Your assignment: Would you output the listing exactly, with every image omitted?

Material provided:

== Segment start ==

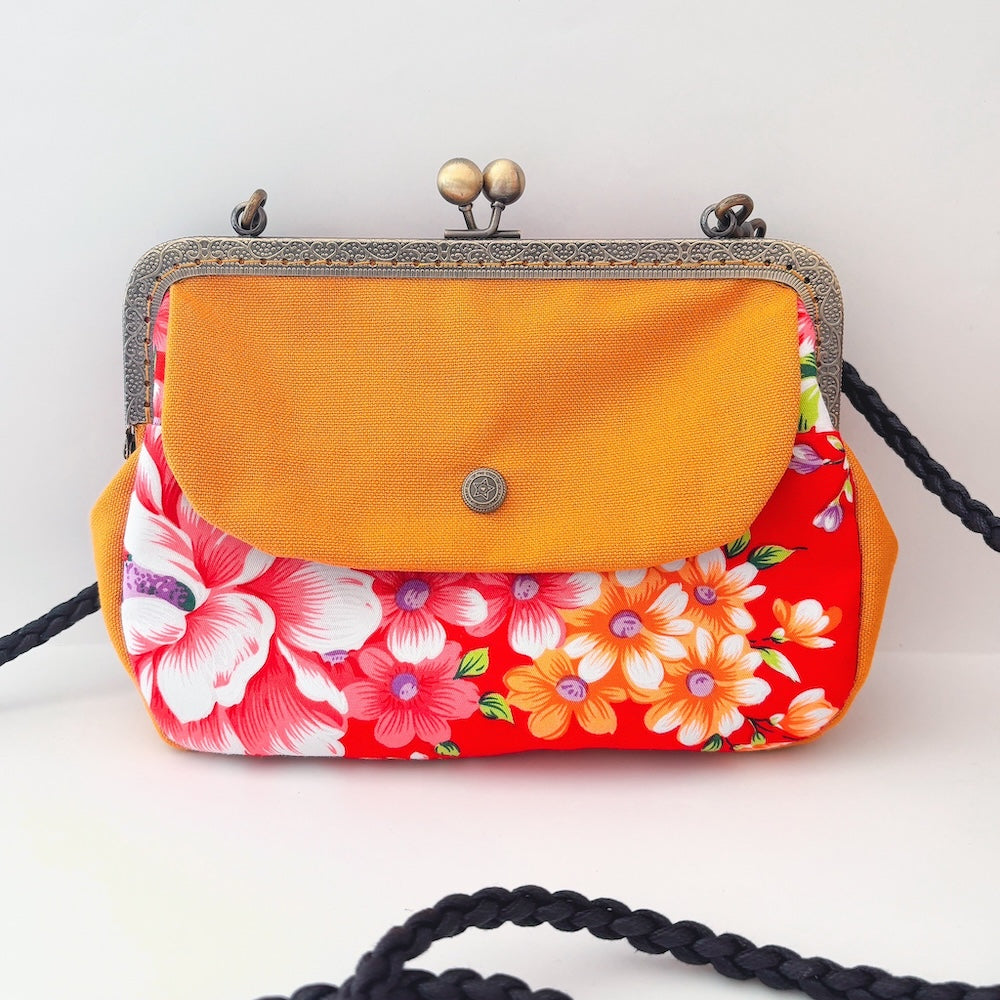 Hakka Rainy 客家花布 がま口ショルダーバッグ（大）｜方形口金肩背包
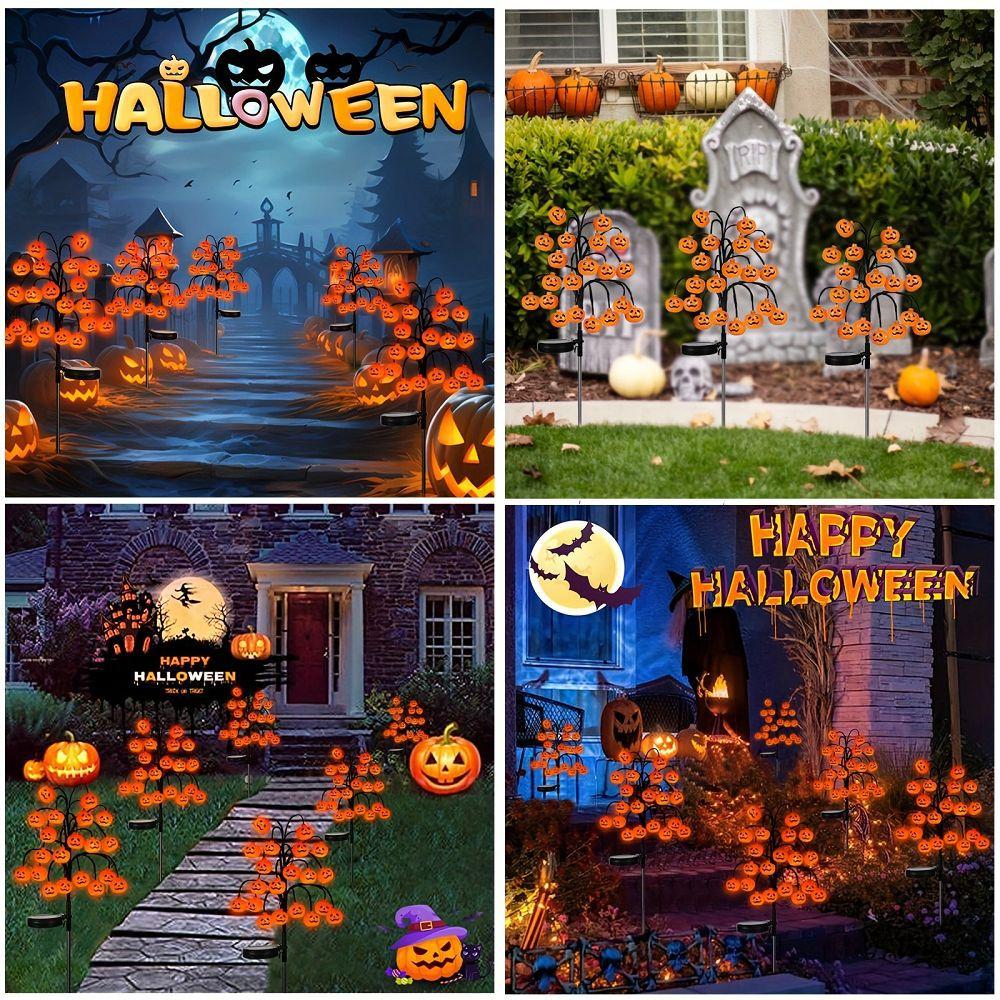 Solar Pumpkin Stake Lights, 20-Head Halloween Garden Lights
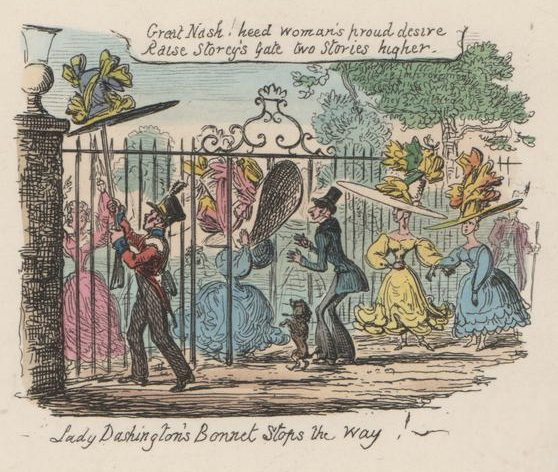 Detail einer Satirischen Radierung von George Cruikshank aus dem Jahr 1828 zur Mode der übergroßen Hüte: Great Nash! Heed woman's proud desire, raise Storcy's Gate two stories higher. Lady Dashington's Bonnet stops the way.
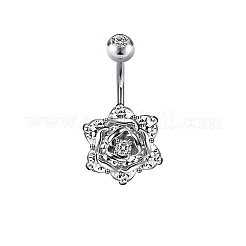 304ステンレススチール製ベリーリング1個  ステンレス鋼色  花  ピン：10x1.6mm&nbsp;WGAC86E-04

== Segment end ==

Output for this exercise:
 Hakka Rainy 客家花布 がま口ショルダーバッグ（大）｜方形口金肩背包
 Solar Pumpkin Stake Lights, 20-Head Halloween Garden Lights
 Detail einer Satirischen Radierung von George Cruikshank aus dem Jahr 1828 zur Mode der übergroßen Hüte: Great Nash! Heed woman's proud desire, raise Storcy's Gate two stories higher. Lady Dashington's Bonnet stops the way.
 304ステンレススチール製ベリーリング1個  ステンレス鋼色  花  ピン：10x1.6mm&nbsp;WGAC86E-04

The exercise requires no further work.